# FITNESS and NUTRITION FORUM > DIET AND NUTRITION > RECIPES >  My best recipe for healthy salmon!

## mustang331

I eat this stuff at least 3x a week a nice size filet and I finally got a great healthy recipe.


I take one filet and wash it under cold water (very important) and dry it with paper towels.

I then take a bowl and add 1 tbsp of honey and 2 tbsp of soy sauce.

I mix it together and then grind up some salt free almonds in a blender till almost powdered, or powdered is fine.

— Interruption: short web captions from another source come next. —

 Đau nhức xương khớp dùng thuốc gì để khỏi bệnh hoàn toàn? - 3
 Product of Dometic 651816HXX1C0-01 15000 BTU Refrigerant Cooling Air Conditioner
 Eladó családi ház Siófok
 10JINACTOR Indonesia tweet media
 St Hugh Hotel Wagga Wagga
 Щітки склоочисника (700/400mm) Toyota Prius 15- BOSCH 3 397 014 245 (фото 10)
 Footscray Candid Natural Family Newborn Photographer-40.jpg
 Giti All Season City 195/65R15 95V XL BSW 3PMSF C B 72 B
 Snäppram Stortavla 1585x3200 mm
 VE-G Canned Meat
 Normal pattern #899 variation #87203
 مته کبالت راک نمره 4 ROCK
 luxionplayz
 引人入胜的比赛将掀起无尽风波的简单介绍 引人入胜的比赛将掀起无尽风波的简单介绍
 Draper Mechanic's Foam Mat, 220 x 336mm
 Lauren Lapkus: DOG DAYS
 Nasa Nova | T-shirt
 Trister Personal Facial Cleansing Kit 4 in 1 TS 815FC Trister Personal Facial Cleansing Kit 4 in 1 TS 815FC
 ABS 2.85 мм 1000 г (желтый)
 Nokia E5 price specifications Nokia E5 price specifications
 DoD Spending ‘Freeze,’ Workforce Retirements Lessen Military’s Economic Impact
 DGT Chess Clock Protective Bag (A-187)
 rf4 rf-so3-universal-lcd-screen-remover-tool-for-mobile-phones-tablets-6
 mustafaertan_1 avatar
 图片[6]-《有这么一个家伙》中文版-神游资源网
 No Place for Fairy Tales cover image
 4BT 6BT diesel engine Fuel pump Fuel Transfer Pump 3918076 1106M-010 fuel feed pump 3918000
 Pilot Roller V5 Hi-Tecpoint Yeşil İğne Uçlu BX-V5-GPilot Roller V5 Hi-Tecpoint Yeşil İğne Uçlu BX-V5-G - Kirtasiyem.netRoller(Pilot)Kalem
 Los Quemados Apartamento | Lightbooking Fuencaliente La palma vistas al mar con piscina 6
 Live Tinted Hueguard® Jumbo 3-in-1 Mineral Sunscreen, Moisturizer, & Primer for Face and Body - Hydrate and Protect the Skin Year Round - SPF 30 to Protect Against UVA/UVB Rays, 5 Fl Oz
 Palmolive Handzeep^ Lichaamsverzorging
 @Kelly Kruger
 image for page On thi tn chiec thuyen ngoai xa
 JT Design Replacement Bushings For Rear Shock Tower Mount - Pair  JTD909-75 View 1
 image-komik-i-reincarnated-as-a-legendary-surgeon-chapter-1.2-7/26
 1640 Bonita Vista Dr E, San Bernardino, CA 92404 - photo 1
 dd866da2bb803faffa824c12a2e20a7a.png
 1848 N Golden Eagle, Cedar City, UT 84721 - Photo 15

I add the soy/honey solution to the top of the salmon, most will drip off so if you're worried about the sugar in the honey (like I am) I can tell you just a drop will actually be going on the filet..

After its on I add the powdered almonds and add some pepper,drop of salt and garlic powder. I press it all on with a spoon very lightly..

then put it into a 350 degree oven for 15-20 minutes or until cooked..

Its seriously the best I have found and after trying so many this one is going to be the one I use for a while now.
Enjoy!

----------


## shafts basson

sounds fantastic. i didnt even notice the recipes sub forum untill now. very helpful

----------


## BengalWoman

sounds great! always looking for new ideas! thanks!! :Welcome:

----------


## PC650

sounds awesome two thumbs up

----------


## zaggahamma

sounds really good..thanks

i had some with only olive oil salt and pepper the other day and was awesome....actually it was steel head trout....ever had that?

----------


## njkode

I tried this last night it was great, had the left over for lunch today. Keeping this in recipe

----------


## BeastIn916

Cant go wrong with salmon. <3 it

----------


## Bertuzzi

Made this yesterday for 6 people. It was wonderful! Everyone liked it, even me and I usually dislike salmon.

Highly recommended!

----------


## Baseball_Player85

I will have to try this recipe.

----------


## MFnatic

I'm just starting my diet again but thanks for the recipe. I'll have to try this one, sounds delicious

----------


## boz

> sounds fantastic. i didnt even notice the recipes sub forum untill now. very helpful


ROFL wow that makes the 2 of us.

----------


## Bertuzzi

Gonna bump this one... I have made it 3 times for guests and everyone loves it..... making it again tonight.

----------


## gbrice75

Thanks for the bump Bert. I usually forget to check the recipe sub forum, but saw you as the last update and figured i'd have a look. Sounds great, gonna give it a shot!

----------


## mustang331

LMAO!! I love to cook and always looking for something.. Wanna hear something funny.. I found this recipe and was thinking about it for a while.. As if I made it before...

What do you know. IT WAS MY RECIPE!! LOL, Made it tonight again, and forgot how good it was  :Smilie:

----------